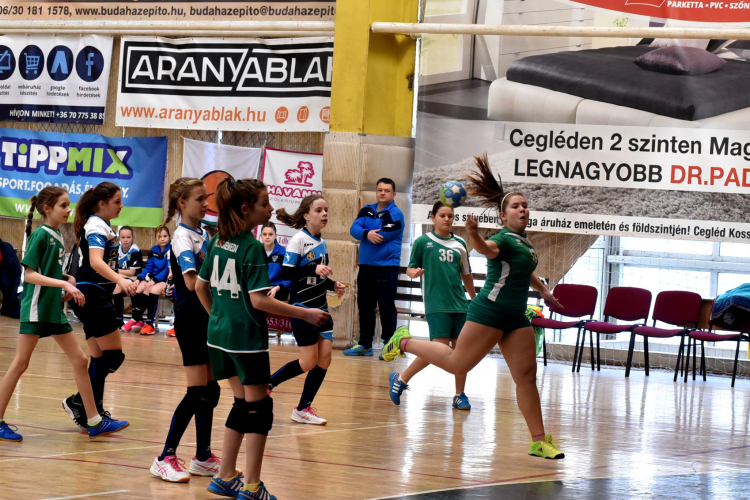 Ceglédi Kék Cápák – Alsónémedi SE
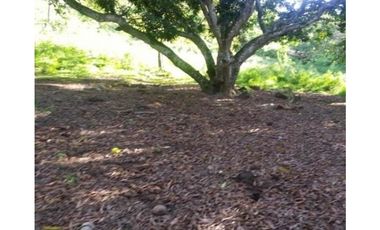 Venta Lote Independiente Sopetran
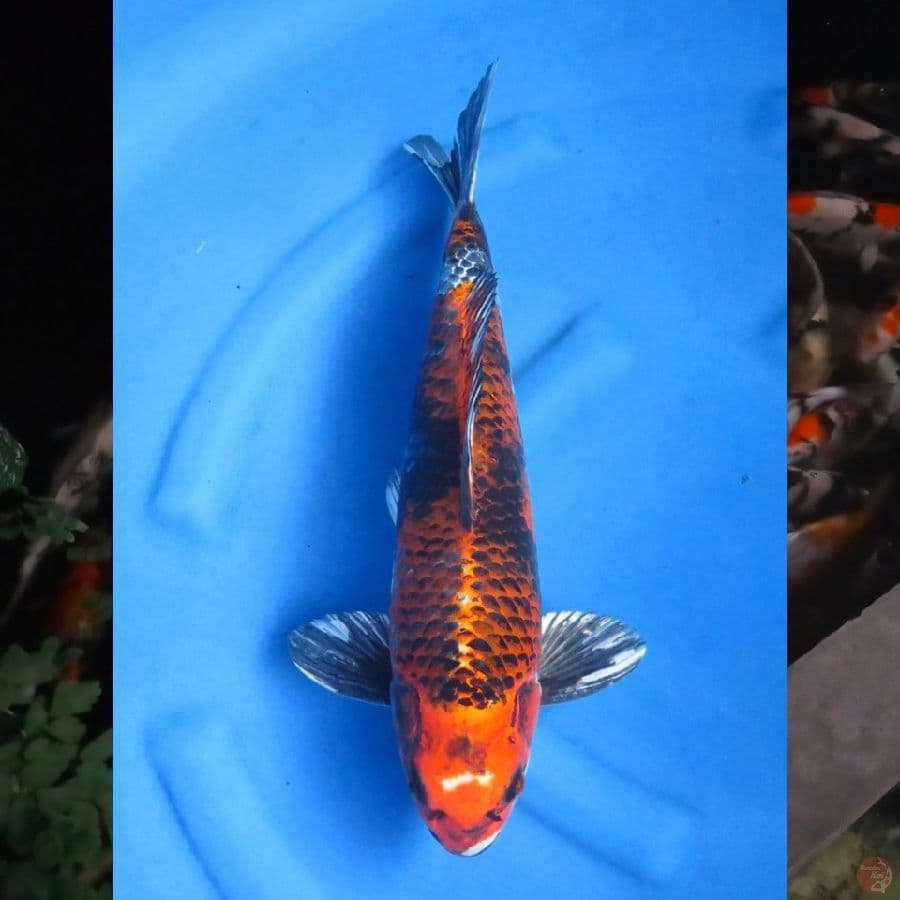45cm , Rare Showa Hikari , ml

(Work required): Line by line, return the listing above exactly, leaving out its pictures.

(Output below):
 Ceglédi Kék Cápák – Alsónémedi SE
 Venta Lote Independiente Sopetran
45cm , Rare Showa Hikari , ml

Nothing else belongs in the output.